Segment Start: Extracted information

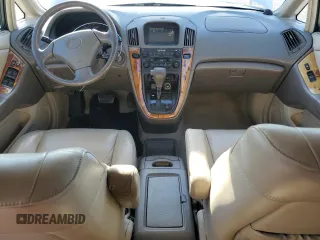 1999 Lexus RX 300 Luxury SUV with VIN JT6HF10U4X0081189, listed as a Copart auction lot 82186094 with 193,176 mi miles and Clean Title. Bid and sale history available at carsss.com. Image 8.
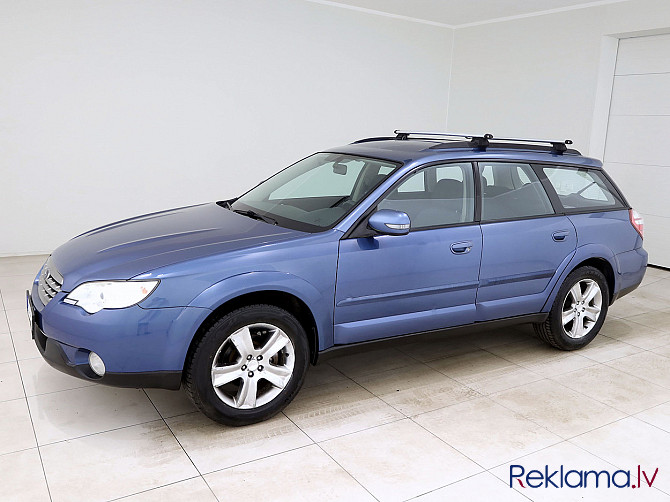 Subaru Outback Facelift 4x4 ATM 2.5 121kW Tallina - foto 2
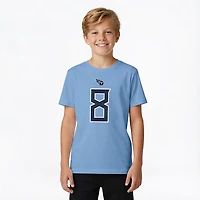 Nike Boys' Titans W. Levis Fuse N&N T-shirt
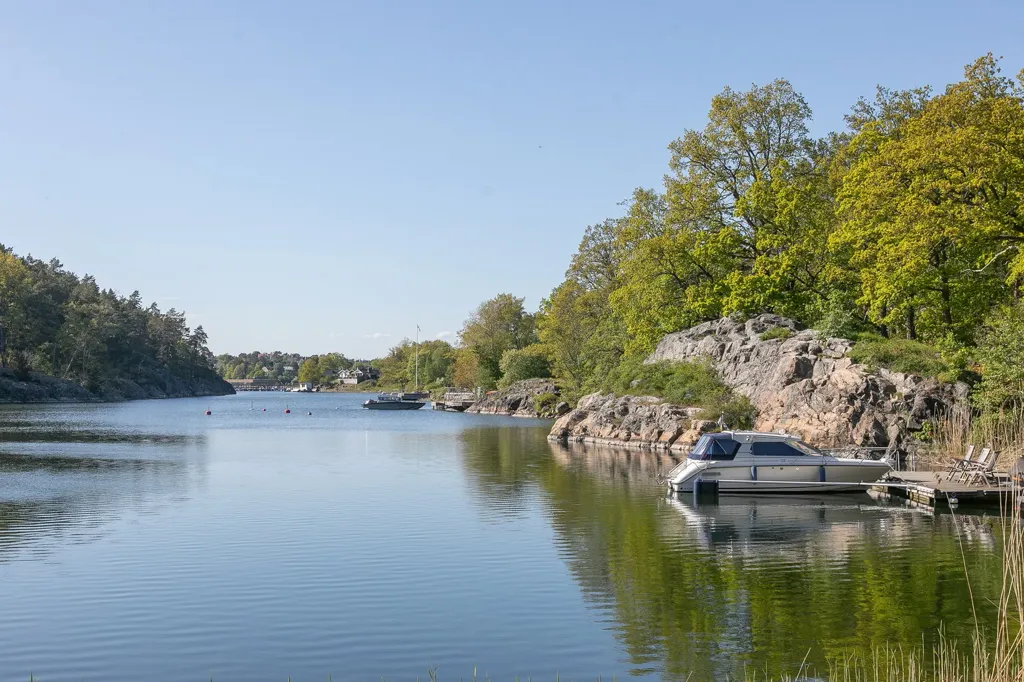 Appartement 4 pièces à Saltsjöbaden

Segment End: Extracted information
Segment Start: Extracted information

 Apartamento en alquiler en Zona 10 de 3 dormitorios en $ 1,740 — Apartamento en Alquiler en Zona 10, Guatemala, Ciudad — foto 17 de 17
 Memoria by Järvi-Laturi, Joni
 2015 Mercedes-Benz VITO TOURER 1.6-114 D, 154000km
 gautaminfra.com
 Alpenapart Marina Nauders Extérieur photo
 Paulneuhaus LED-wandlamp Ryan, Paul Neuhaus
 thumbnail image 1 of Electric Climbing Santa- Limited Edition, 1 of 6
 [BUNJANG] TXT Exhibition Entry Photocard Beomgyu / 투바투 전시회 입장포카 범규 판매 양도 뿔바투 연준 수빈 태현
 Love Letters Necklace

Segment End: Extracted information
Segment Start: Extracted information

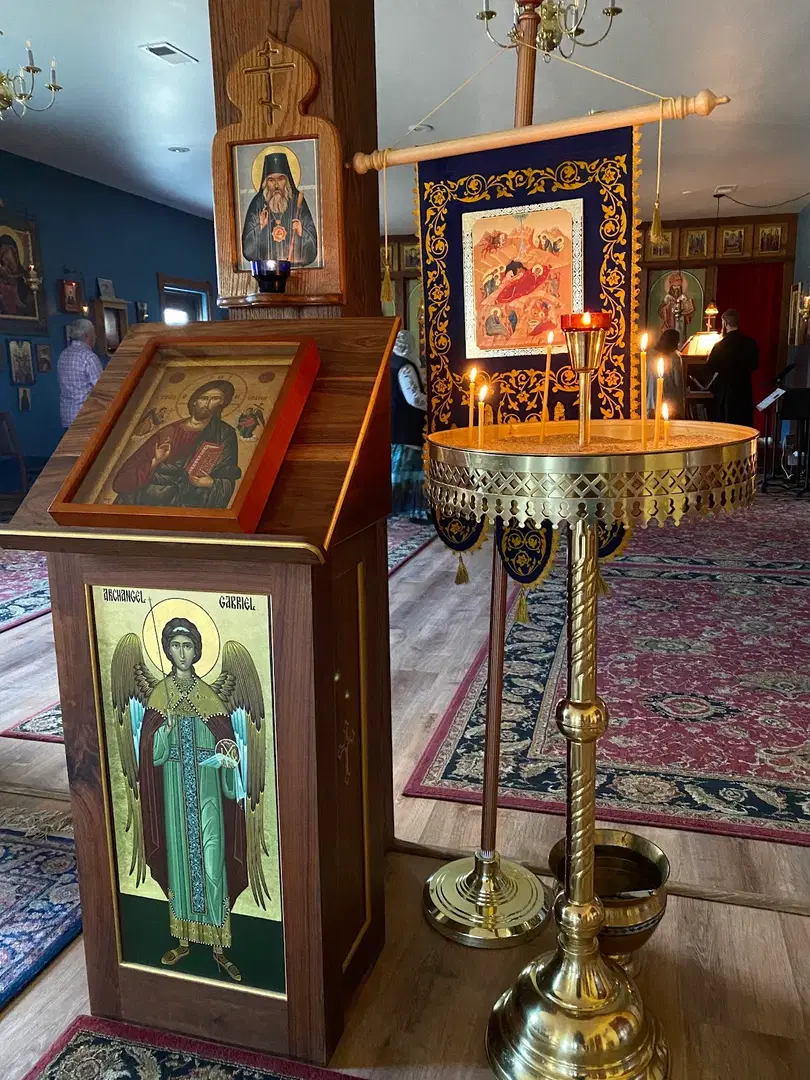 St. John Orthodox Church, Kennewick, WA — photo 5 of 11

Segment End: Extracted information

__Task details__.
Print exactly the lines of the listing above starting at the line containing "Alpenapart Marina Nauders Extérieur photo" and ending at the line containing "Love Letters Necklace", both included.

__Answer__.
 Alpenapart Marina Nauders Extérieur photo
 Paulneuhaus LED-wandlamp Ryan, Paul Neuhaus
 thumbnail image 1 of Electric Climbing Santa- Limited Edition, 1 of 6
 [BUNJANG] TXT Exhibition Entry Photocard Beomgyu / 투바투 전시회 입장포카 범규 판매 양도 뿔바투 연준 수빈 태현
 Love Letters Necklace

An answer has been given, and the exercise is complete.